Koyaanisqatsi ★★★½

I think I fell in love with the concept for this film too much for the final product to ever fully live up to what I could imagine it being. Consisting entirely of images and music, Koyaanisqatsi shows a transition from pure nature to the modernized world humans have created for themselves. And while there are no words in the film to overtly guide interpretations, a title meaning "Life Out of Balance" certainly sets some expectations. Combined with the very positive reactions of most viewers, this looked to be a meditation on how the world has changed (for better and for worse), set to excellent Philip Glass music and filled with beautiful images. And... that's pretty much what it is.

I respect the hell out of what Koyaanisqatsi is doing, and I think it's even executed well, but it's just missing something to make it personally hit me more deeply. I just didn't feel as much as I hoped to, which is the most nebulous worthless thing to say, but I'm not sure I can really define it any better or even figure out why. I still enjoyed it, however, and I don't in any way think it's slow or boring like some of the more negative reviews do.

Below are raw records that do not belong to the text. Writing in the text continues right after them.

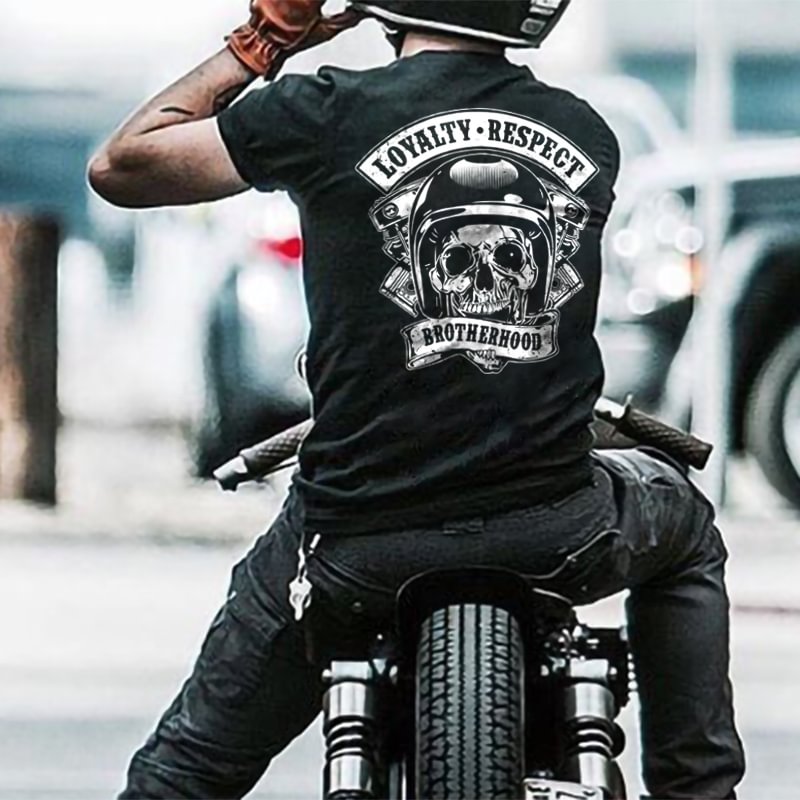 Loyalty respect helmet skull design T-Shirt -  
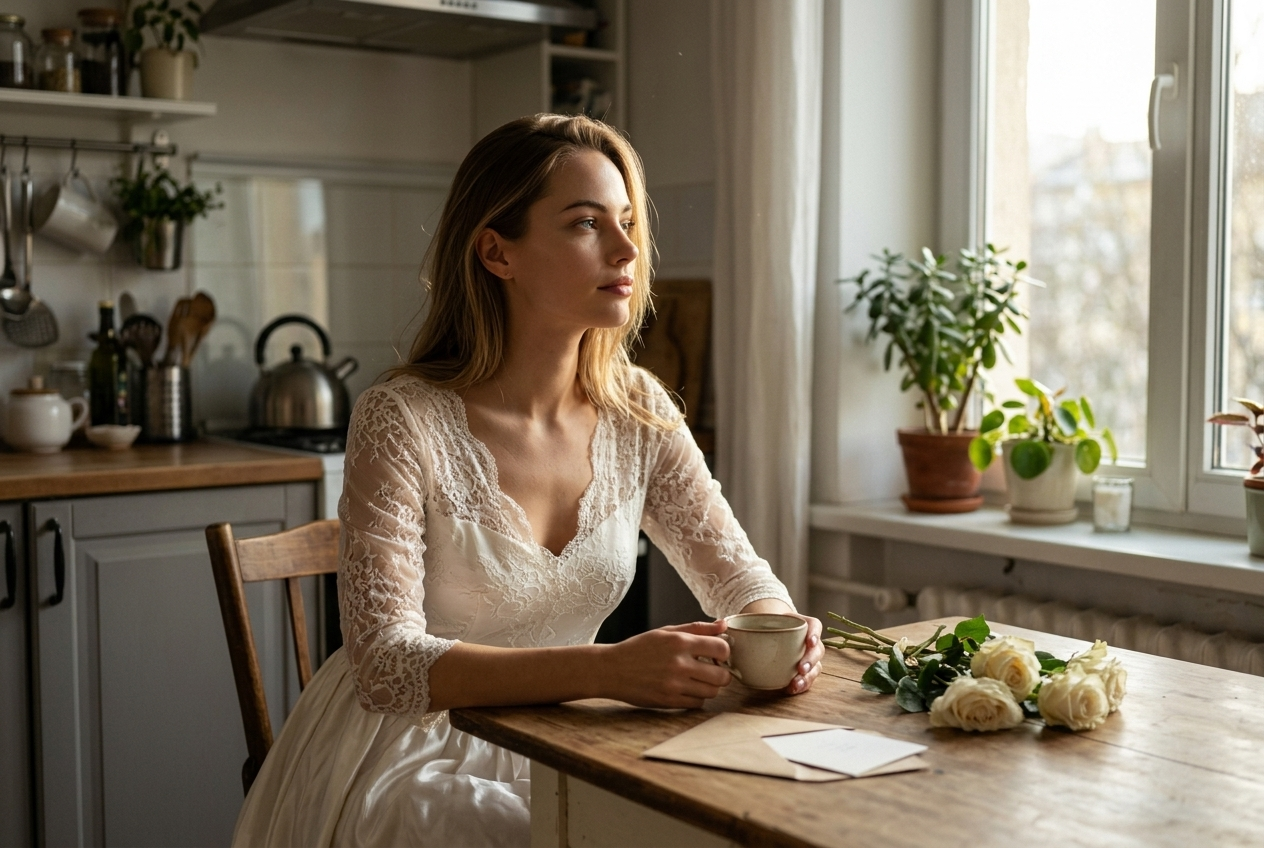 Italian woman in wedding dress sitting at kitchen table reflecting on marriage realities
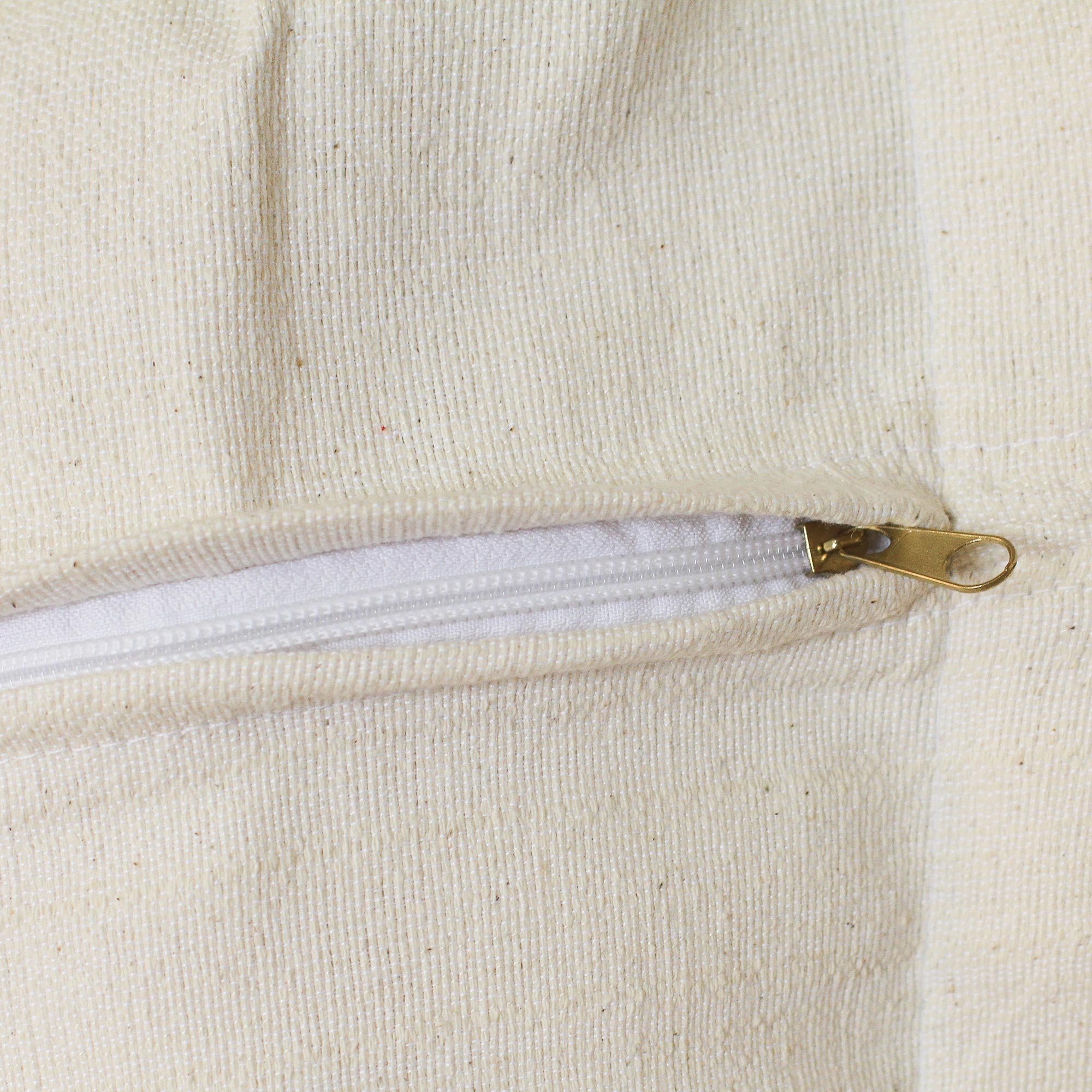 Premium Eco-Friendly Cotton Pillow Cover 'Eggshell Bliss' - Handwoven Elegance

Koyaanisqatsi should be seen because it's an interesting piece of art and I think it will impact a lot of other people more than it did me. On top of that, it serves very well as an example of the effect editing can have on meanings and interpretations. The way scenes are edited here essentially IS the film, and the surrounding context really influences how each individual moment is viewed. Compared to my inflated hopes this is a minor disappointment, but viewed in a vacuum this was a satisfying watch.